The other great story of the Olympics was the return of U.S. men’s basketball to world prominence. Kobe Bryant and LeBron James led a team coached by Mike Krzyzewski through the preliminary rounds. In the final, the so-called “Redeem Team” needed all their talent and passion to beat Spain, 118-107. But beyond reclaiming world supremacy, the team also behaved impeccably, charmed a basketball-mad Chinese public and restored the honor of the NBA.

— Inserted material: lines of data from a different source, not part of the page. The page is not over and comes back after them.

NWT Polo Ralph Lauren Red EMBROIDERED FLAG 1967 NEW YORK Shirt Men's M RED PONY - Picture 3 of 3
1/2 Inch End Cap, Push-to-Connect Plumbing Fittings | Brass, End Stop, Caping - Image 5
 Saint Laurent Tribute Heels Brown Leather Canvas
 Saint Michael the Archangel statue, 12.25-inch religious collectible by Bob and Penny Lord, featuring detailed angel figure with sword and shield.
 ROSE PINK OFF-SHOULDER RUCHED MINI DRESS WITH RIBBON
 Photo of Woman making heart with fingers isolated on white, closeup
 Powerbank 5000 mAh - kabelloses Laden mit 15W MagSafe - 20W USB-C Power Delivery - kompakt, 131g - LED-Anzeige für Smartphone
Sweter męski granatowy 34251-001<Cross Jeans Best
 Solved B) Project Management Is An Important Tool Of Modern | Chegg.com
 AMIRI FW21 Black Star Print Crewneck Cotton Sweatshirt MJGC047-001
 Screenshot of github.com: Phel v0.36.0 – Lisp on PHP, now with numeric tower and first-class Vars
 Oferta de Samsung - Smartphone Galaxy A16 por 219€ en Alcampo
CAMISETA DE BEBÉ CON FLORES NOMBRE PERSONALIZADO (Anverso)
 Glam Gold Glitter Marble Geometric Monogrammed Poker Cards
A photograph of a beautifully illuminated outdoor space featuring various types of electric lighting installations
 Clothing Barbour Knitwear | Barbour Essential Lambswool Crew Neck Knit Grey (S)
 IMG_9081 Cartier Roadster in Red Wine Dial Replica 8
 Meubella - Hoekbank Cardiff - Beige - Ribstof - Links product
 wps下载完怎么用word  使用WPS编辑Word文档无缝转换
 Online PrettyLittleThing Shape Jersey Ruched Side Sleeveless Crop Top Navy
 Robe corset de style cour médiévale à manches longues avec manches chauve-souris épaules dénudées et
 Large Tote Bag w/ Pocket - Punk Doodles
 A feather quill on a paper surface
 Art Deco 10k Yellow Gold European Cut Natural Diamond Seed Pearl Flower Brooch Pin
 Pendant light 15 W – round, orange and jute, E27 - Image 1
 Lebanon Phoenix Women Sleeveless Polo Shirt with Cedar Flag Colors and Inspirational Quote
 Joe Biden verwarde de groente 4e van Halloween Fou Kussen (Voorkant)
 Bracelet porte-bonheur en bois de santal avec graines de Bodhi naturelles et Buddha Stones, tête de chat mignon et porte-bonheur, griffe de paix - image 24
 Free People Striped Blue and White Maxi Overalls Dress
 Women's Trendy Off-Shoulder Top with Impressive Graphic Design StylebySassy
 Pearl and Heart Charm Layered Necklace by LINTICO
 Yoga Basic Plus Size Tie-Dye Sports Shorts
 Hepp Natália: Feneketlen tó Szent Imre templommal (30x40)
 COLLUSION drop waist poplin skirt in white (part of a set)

We returned from the Olympics in time for the final month of the Major League Baseball season that had surprises of its own. The Yankees struggled all season, finishing out of the playoffs for the first time in 14 years. And the best team in the AL East wasn’t the Yankees or the Red Sox but the Tampa Bay Rays, who had never had a winning season and had been the worst team in baseball the previous season.

Elsewhere, Manny Ramirez pouted his way out of Boston and onto the Dodgers. In two months, he single-handedly carried Los Angeles into the playoffs. In Milwaukee, CC Sabathia, acquired from the Indians, was doing the same for the Brewers. And in the NL East, the Mets were in the process of blowing yet another September lead, opening the door for the Philadelphia Phillies to try yet again to win the franchises second title ever and Philadelphia’s first major sports championship in a quarter century.